Former Bogota Mayor Steve Lonegan said he is finalizing the lawsuit he intends to file in Bergen County Superior Court against the State of New Jersey next week, attacking Gov. Jon Corzine’s decision to borrow $3.9 billion to build new schools.
"We’re going into court and we’re attacking the facts," said the Republican. "First, the schools are not crumbling. The Oliver School (in the Ironbound, where Corzine signed the borrowing bill) is a beautiful building.
"Second," he said, "we’re going after the assertion that these towns can't afford to pay anything for schools.
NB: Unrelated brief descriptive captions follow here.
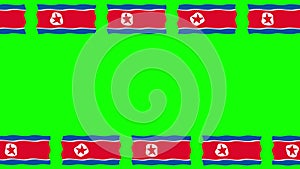 Moving North Korea flags decorative frame on green screen background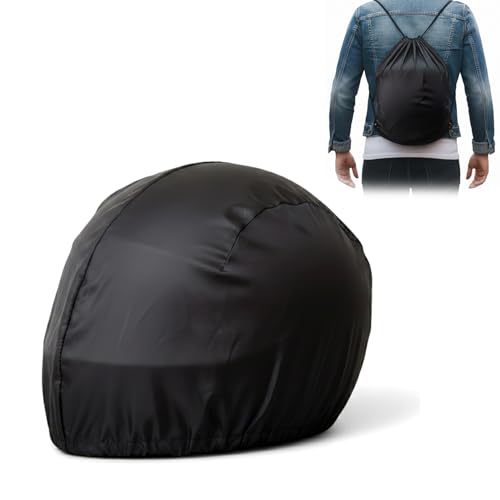 Image of Waza Helmet Cover for Motorcyclists & Cyclists -Waterproof Umbrella Fabric, Dustproof, Universal Fit with Adjustable Strap - Black Helmet Rain Cover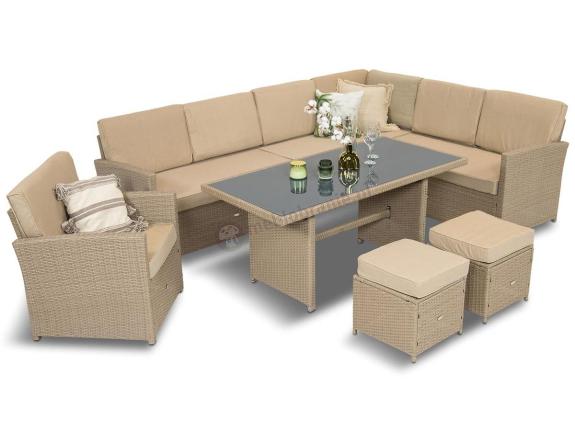 Komplet technorattanowy narożnik + fotel Cofete Natural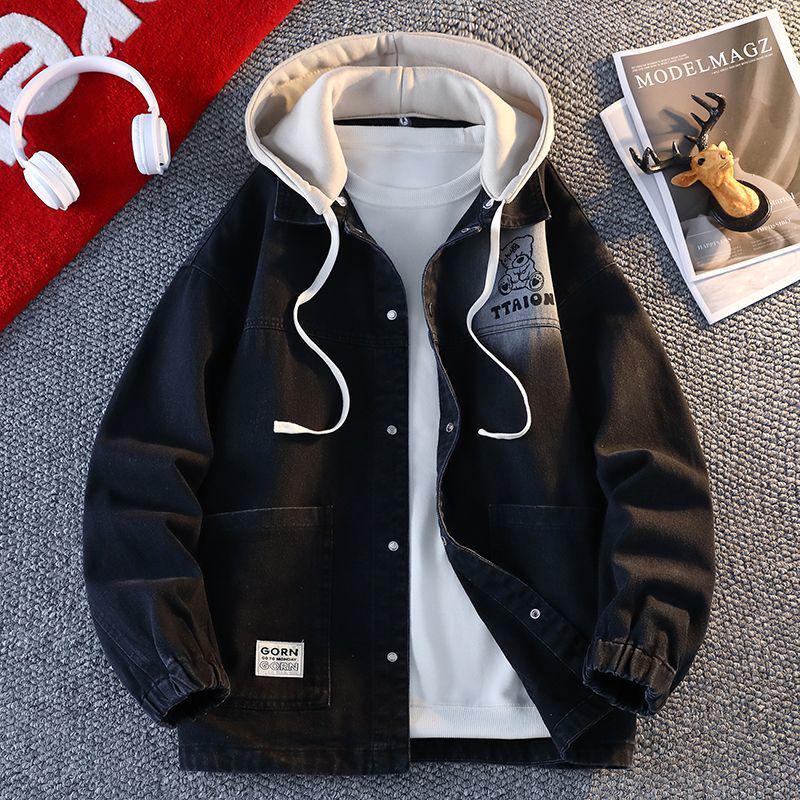 Pánská trendy kostkovaná patchworková džínová bunda 2025 - Falešný dvoudílný vlněný kabát na jaro a podzim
They can afford taxes."
The lawsuit would be Lonegan’s fourth against the State of New Jersey since 2000.
"We haven't seen the lawsuit, but Governor Corzine has been consistent in his belief that there is a legal and moral obligation to ensure every child in New Jersey has a safe, clean, healthy environment to learn in without any further delay," said governor’s spokesman Sean Darcy. "We also believe it is imperative to begin to get shovels in the ground as quickly as possible to create jobs in New Jersey in the face of this national recession."
But Lonegan claims the plan is an error of first principle.
"The whole schools construction program they put together is a disaster," he said of the New Jersey Supreme Court. "The court is leading the state down a path of fiscal disaster."
A possible challenger for governor in 2009, the hard right Lonegan, moreover, said the new Schools Development Authority represents no significant change from the discredited and now-defunct Schools Construction Corporation.
"There’s definitely union pressure, that’s definitely part of it," he said of the governor’s decision to green light schools construction statewide. "The other part of it is a general philosophical belief in the centralized control of everything."
One of the authors of the bill signed last week ago by Corzine, Assemblywoman Grace Spencer (D-Newark) predicted then that criticism of the $3.9 billion borrowing measure would provoke harsh criticism, but argued that the measure is justified. Specifically, she addressed the Oliver Street School.
"On the outside, yes, it is a beautiful building, but on the inside, it’s not viable for our kids to thrive in this community," said Spencer. "No matter how glamorous it is on the outside, it’s overcrowded on the inside. We’re talking about paint peeling off the wall and classrooms in closets."